Πόρισμα. Ἐκ δὴ τούτου φανερόν, ὅτι ἐὰν ἐν ὀρθογωνίῳ τριγώνῳ ἀπὸ τῆς ὀρθῆς ἐπὶ τὴν βάσιν κάθετος ἀχθῇ, ἡ ἀχθεῖσα τῶν τῆς βάσεως τμημάτων μέση ἀνάλογόν ἐστιν: ὅπερ ἔδει δεῖξαι [καὶ ἔτι τῆς βάσεως καὶ ἑνὸς ὁποιουοῦν τῶν τμημάτων ἡ πρὸς τῷ τμήματι πλευρὰ μέση ἀνάλογόν ἐστιν].
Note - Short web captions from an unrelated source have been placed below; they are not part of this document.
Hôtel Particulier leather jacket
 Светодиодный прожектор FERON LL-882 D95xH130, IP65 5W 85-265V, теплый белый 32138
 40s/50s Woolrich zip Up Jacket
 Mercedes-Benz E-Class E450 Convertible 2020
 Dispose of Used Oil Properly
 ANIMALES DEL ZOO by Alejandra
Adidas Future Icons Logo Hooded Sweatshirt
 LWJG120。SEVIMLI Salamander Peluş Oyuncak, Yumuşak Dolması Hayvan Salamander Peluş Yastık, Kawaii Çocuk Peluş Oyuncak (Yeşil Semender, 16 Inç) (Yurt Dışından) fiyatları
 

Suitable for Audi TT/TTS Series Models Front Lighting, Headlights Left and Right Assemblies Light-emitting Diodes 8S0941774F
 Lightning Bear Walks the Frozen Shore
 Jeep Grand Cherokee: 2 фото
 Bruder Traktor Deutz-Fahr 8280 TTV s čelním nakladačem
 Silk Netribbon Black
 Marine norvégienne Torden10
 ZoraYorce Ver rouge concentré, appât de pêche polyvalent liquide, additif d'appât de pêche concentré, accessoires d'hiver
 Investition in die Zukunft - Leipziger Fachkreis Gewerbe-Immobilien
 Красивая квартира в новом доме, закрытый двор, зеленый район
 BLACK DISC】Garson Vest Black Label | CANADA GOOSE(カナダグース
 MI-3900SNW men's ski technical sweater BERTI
If in a right-angled triangle a perpendicular be drawn from the right angle to the base, the triangles adjoining the perpendicular are similar both to the whole and to one another. Let ABC be a right-angled triangle having the angle BAC right, and let AD be drawn from A perpendicular to BC; I say that each of the triangles ABD, ADC is similar to the whole ABC and, further, they are similar to one another. For, since the angle BAC is equal to the angle ADB, for each is right, and the angle at B is common to the two triangles ABC and ABD, therefore the remaining angle ACB is equal to the remaining angle BAD; [I. 32] therefore the triangle ABC is equiangular with the triangle ABD. Therefore, as BC which subtends the right angle in the triangle ABC is to BA which subtends the right angle in the triangle ABD, so is AB itself which subtends the angle at C in the triangle ABC to BD which subtends the equal angle BAD in the triangle ABD, and so also is AC to AD which subtends the angle at B common to the two triangles. [VI. 4] Therefore the triangle ABC is both equiangular to the triangle ABD and has the sides about the equal angles proportional. Therefore the triangle ABC is similar to the triangle ABD. [VI. Def. 1] Similarly we can prove that the triangle ABC is also similar to the triangle ADC; therefore each of the triangles ABD, ADC is similar to the whole ABC. I say next that the triangles ABD, ADC are also similar to one another. For, since the right angle BDA is equal to the right angle ADC, and moreover the angle BAD was also proved equal to the angle at C, therefore the remaining angle at B is also equal to the remaining angle DAC; [I. 32] therefore the triangle ABD is equiangular with the triangle ADC. Therefore, as BD which subtends the angle BAD in the triangle ABD is to DA which subtends the angle at C in the triangle ADC equal to the angle BAD, so is AD itself which subtends the angle at B in the triangle ABD to DC which subtends the angle DAC in the triangle ADC equal to the angle at B, and so also is BA to AC, these sides subtending the right angles; [VI. 4] therefore the triangle ABD is similar to the triangle ADC. [VI. Def. 1] Therefore etc.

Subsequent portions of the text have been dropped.